|1924 to 1927|
|Manufacturer||MG Car Company|
|Production||1924–1927 400 approx|
|Body and chassis|
|Body style||2-door, 2- and 4-seater open tourer 2-door coupé (Salonette)|
|Engine||1802 cc four-cylinder, side-valve.|
|Wheelbase||106 inches (2705 mm)|
|Length||150 inches (3810 mm)|
The MG 14/28 Super Sports was the first car produced by the MG Car company and launched in 1924. It was replaced by the very similar 14/40 in 1927. They were built at first in small premises in Alfred Lane, Oxford moving in 1925 to a larger site shared with Morris Motors Limited radiator factory at Bainton Road, Oxford The badge on the front of the car still read "Morris Oxford", MG badges were not to appear until 1928.

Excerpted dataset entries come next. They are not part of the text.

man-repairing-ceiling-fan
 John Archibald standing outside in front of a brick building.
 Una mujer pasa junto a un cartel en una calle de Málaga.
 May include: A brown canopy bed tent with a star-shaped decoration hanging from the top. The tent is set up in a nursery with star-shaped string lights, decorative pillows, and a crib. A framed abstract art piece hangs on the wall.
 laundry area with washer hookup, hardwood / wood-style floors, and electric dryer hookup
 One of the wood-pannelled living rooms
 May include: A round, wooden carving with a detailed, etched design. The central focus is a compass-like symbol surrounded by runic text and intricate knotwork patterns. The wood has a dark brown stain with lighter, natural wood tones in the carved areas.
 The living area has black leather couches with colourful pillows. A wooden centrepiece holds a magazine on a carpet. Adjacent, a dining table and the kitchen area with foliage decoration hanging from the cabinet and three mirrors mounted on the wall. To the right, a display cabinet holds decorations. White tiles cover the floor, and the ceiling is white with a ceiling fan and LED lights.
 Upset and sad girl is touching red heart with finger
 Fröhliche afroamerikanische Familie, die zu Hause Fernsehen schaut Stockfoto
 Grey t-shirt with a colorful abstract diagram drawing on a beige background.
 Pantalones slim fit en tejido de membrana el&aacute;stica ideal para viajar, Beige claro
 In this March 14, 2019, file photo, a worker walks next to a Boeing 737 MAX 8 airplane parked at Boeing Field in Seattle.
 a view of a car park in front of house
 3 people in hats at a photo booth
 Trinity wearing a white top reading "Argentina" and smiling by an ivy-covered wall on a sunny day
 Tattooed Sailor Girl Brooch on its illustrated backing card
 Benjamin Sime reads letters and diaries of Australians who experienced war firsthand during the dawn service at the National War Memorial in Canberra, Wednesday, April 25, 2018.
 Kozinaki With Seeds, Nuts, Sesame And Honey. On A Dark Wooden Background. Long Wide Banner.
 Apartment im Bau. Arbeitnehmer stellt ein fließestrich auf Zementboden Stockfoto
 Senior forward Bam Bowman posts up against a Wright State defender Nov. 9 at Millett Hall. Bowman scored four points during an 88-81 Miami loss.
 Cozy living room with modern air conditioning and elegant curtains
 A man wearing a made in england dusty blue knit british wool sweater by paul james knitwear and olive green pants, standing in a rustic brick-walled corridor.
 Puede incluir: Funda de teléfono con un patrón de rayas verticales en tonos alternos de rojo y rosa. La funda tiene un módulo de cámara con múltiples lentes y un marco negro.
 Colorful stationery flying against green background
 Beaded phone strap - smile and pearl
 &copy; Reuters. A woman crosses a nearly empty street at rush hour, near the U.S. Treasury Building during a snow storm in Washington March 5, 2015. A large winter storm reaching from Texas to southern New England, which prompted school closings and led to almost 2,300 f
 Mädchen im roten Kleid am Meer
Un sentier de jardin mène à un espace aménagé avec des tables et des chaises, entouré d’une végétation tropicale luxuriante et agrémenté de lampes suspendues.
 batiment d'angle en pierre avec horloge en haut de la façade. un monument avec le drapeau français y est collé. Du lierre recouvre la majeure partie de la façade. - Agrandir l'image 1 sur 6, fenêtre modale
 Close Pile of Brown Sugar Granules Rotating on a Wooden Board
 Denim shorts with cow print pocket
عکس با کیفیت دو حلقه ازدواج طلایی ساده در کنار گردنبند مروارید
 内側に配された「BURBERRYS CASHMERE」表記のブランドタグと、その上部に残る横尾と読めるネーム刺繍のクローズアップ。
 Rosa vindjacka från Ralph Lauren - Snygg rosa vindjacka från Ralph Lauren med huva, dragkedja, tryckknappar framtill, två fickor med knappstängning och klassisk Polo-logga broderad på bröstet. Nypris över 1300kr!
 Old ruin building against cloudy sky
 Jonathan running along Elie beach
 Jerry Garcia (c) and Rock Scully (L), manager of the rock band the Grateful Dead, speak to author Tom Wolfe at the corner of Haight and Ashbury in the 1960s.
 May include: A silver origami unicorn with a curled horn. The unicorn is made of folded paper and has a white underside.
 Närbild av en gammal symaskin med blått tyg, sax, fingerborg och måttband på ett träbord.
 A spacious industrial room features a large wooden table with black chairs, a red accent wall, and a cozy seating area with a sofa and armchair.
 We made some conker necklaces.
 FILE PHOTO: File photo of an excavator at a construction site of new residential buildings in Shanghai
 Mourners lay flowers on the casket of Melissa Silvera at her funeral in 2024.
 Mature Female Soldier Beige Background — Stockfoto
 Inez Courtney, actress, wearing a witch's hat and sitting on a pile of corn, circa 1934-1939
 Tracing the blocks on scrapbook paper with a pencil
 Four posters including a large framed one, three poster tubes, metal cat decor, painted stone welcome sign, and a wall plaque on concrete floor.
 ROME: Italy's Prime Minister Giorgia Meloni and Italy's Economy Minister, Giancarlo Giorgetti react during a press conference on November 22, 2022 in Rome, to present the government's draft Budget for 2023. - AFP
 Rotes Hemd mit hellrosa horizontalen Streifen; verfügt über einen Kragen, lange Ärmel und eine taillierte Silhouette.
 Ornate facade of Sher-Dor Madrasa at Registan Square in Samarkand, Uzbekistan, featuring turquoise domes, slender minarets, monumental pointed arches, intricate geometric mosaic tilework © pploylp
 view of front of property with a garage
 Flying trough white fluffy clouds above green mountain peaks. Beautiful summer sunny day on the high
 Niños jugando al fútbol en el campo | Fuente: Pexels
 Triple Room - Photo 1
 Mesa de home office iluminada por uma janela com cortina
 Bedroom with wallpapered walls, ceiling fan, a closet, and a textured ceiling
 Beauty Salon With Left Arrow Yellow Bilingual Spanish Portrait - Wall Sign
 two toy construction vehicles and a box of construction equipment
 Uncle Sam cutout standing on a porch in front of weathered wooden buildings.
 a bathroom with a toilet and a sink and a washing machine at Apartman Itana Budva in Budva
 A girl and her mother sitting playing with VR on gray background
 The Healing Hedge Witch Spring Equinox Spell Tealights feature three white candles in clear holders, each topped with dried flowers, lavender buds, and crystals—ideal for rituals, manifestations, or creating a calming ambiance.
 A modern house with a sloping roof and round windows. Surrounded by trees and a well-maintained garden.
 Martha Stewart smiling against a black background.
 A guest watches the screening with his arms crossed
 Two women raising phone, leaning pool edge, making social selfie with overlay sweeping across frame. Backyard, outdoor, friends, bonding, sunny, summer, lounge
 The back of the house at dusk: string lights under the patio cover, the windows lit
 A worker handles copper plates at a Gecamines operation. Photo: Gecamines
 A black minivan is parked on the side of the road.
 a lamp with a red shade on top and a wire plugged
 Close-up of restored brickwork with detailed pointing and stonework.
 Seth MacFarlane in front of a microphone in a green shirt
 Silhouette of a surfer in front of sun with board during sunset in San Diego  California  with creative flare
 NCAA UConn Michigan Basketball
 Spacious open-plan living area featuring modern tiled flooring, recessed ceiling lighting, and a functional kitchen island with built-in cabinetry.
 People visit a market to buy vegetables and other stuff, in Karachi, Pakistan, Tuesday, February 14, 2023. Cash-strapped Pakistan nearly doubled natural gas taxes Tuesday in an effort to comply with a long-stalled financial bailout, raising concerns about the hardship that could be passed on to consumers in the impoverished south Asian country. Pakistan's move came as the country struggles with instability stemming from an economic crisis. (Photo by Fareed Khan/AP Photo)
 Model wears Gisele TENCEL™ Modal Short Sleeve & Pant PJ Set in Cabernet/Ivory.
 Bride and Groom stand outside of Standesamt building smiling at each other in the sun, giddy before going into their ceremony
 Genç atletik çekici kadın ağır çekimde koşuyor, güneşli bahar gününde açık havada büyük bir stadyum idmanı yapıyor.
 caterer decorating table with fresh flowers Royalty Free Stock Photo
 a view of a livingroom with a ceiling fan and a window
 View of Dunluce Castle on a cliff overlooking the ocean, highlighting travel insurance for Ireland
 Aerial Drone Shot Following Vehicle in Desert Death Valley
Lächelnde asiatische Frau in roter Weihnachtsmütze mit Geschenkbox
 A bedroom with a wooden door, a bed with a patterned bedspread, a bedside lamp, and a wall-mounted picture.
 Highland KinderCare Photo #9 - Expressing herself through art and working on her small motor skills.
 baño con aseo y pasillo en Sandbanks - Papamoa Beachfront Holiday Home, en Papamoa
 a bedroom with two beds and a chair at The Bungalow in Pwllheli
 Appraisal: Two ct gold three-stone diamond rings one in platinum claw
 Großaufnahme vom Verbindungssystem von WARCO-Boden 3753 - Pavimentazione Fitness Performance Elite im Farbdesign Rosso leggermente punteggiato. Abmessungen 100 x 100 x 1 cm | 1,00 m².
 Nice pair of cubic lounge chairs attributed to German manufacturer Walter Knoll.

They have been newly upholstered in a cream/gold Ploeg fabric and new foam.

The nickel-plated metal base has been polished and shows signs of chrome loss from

Cecil Kimber had rebodied a few Morris cars with coachwork to his own design but in 1924 he started to advertise "our popular M.G. Saloon" built on the Morris 14/28 Bullnose radiator, Oxford chassis. The basic chassis was collected from the nearby Cowley factory and slightly modified and the engine mildly tuned. They were then fitted with attractive aluminium panelled bodies and painted in two colours. From late 1924 front wheel brakes were fitted. Either "artillery" or wire spoked wheels were available and suspension was by half-elliptic leaf springs at the front and three-quarter elliptics at the rear. The top speed was approximately 65 mph (105 km/h). A fabric-bodied saloon model was added to the range in 1926.
Cecil Kimber rebodied Morris first MG
In late 1926 Morris updated the Oxford dropping the distinctive Bullnose radiator in favour of a flat one and widening the chassis thus requiring a re-design of the body. H. N. Charles was employed by Kimber to do this and at the same time the basic chassis received improvements by Morris Garages to braking and suspension taking the MG car further away from its Morris roots. The revised car was heavier and the top speed dropped to around 60 mph (95 km/h). Other changes were half-elliptic springs at the rear and a Solex carburettor replacing the SU on the earlier car. The brakes received assistance from a mechanical servo.